Archaeologists recently discovered 3,500-year-old rhinoceros bone fragments at a Neolithic site called Molapalayam near Coimbatore in Tamil Nadu’s Western Ghats foothills.
The finds include four foot bones—two metacarpals and two carpals—from an Indian one-horned rhinoceros, identified via comparison to reference collections.
Excavations were conducted in 2021 and 2024, led by V. Selvakumar of Tamil University, with analysis by Abhayan G.S. of the University of Kerala.
The site also yielded bones from multiple animal species, indicating a pastoral community that herded cattle, buffalo, goats, sheep, pigs, and dogs, with cut marks indicating regular butchery for food.
The discovery also includes bones of wild animals, including elephant, gaur, leopard, sambar deer, wild boar, nilgai, blackbuck, four-horned antelope, gazelle, chital, antelopes, and wild cats.
This marks the third rhino find in South India, following the discovery of rhino bone fragments in Payyampalli (Tirupattur district in Kerala) and a fossilised skull in Sathankulam (Tuticorin district in Tamil Nadu).
The discovery of rhino bones in Tamil Nadu and Kerala provides key insights into the region’s environmental conditions.

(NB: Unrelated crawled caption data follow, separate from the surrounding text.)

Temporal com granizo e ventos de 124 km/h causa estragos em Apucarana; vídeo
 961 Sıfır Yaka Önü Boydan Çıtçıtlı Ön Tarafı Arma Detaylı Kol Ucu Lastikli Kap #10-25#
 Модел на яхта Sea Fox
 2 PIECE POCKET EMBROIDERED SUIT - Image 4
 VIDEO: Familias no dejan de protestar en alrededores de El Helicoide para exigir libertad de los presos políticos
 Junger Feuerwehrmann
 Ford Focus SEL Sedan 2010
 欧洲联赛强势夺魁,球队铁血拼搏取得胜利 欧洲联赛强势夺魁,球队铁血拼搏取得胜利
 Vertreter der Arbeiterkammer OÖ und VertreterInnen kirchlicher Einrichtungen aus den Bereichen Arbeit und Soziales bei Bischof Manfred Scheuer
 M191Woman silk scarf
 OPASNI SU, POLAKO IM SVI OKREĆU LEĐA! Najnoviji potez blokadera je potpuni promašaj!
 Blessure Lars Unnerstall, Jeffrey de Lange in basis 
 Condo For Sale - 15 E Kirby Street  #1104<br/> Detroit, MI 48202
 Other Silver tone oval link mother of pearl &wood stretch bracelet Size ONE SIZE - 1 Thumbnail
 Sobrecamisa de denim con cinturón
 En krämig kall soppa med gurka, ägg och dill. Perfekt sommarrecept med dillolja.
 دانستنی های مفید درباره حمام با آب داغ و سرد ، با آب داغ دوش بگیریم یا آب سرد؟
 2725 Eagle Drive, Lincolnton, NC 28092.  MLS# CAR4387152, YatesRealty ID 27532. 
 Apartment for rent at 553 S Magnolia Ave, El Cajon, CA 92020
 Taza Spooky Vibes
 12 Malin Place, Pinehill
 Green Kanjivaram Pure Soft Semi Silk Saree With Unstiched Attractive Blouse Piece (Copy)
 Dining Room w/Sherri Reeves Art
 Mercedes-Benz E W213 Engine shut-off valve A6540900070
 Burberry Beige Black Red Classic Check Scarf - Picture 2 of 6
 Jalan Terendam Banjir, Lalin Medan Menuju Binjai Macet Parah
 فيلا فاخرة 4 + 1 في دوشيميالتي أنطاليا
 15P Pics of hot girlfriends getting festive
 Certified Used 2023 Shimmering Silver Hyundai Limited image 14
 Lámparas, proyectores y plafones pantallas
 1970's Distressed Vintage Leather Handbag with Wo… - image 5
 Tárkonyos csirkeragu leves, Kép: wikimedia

The presence of rhinos indicates that expansive grasslands, marshy wetlands, and riverine forests once dominated the region.
It challenges assumptions that Indian rhinos were confined to northern and northeastern grasslands, suggesting a wider prehistoric range across the subcontinent, including Gujarat, Haryana, and Odisha.
In another study, the Birbal Sahni Institute of Palaeosciences used pollen samples from mud beneath wetlands in Kaziranga National Park in Assam, the region currently known for the Indian one-horned rhinoceros.
The study discovered that rhinos were once widely distributed across the Indian subcontinent, but this distribution has since declined markedly since the Holocene.
As northeastern India remained relatively stable climatically and experienced lower human pressure, whereas habitat loss, climate deterioration, and overhunting in the other parts of the country forced rhinoceroses to migrate eastward and eventually concentrate in Kaziranga.